Ces lettres n’étaient pas controuvées. Elles avaient été réellement écrites par Mme de Fouquerolles au beau et élégant marquis de Maulevrier[1], qui avait eu la sottise de les perdre dans le salon de Mme de Montbazon. Maulevrier, tremblant d’être reconnu et d’avoir compromis Mme de Fouquerolles, courut chez un des chefs du parti des importans, La Rochefoucauld, qui était son ami, lui confia son secret, et le supplia de s’entremettre pour assoupir cette affaire. La Rochefoucauld fit comprendre à Mme de Montbazon qu’il était de son intérêt de faire ici la généreuse, car on reconnaîtrait bien aisément l’erreur ou la fraude, dès qu’on en viendrait à confronter l’écriture de ces lettres avec celle de Mme de Longueville; qu’il lui fallait donc prévenir un éclat qui retomberait sur elle. Mme de Montbazon remit les lettres originales à La Rochefoucauld, qui les fit voir à M. le Prince et à Mme la Princesse, à Mme de Rambouillet et à Mme de Sablé, particulières amies de Mme de Longueville, et, la vérité bien établie, les brûla en présence de la reine, délivrant Maulevrier et Mme de Fouquerolles de l’inquiétude mortelle où ils avaient été pendant quelque temps[2].

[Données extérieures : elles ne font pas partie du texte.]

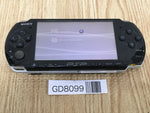 GD8099 Plz Read Item Condi PSP-3000 PIANO BLACK SONY PSP Console Japan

Peut-être eût-il été sage de s’en tenir là. C’était l’avis un peu intéressé du faible et prudent M. de Longueville, qui voulait ménager Mme de Montbazon, et ne croyait pas que l’honneur de sa femme eût beaucoup à gagner à un plus grand éclat. Mme de Longueville n’était pas non plus fort animée; mais Mme la Princesse, avec son humeur altière et dans le premier enivrement des succès de son fils, exigea une réparation égale à l’offense, et déclara hautement que, si la reine et le gouvernement ne prenaient pas en main l’honneur de sa maison, elle et tous les siens se retireraient de la cour : elle s’indignait à la seule idée qu’on pût mettre un moment sa fille en balance avec la petite-fille d’un cuisinier, disait-elle, voulant parler de La Varenne, père de la comtesse de Vertus, et qui avait été maître d’hôtel d’Henri IV. En vain tout le parti des importans, Beaufort et Guise à leur tête, tint des assemblées, s’agita et menaça; en vain Mme de Chevreuse, qui n’avait pas encore perdu tout crédit auprès de la reine, soutint vivement sa belle-mère : Mazarin était trop habile pour se mettre sur les bras deux ennemis à la fois, et pour se brouiller avec les Condé sans aucun espoir d’acquérir ou de désarmer les Lorrains et les Vendôme. Il tourna aisément la reine du côté de Mme la Princesse. Mme de Longueville

  1. Voyez Mademoiselle, Mme de Motteville et La Rochefoucauld.
  2. Mémoires de La Rochefoucauld, collection Petitot, t. LI, p. 387.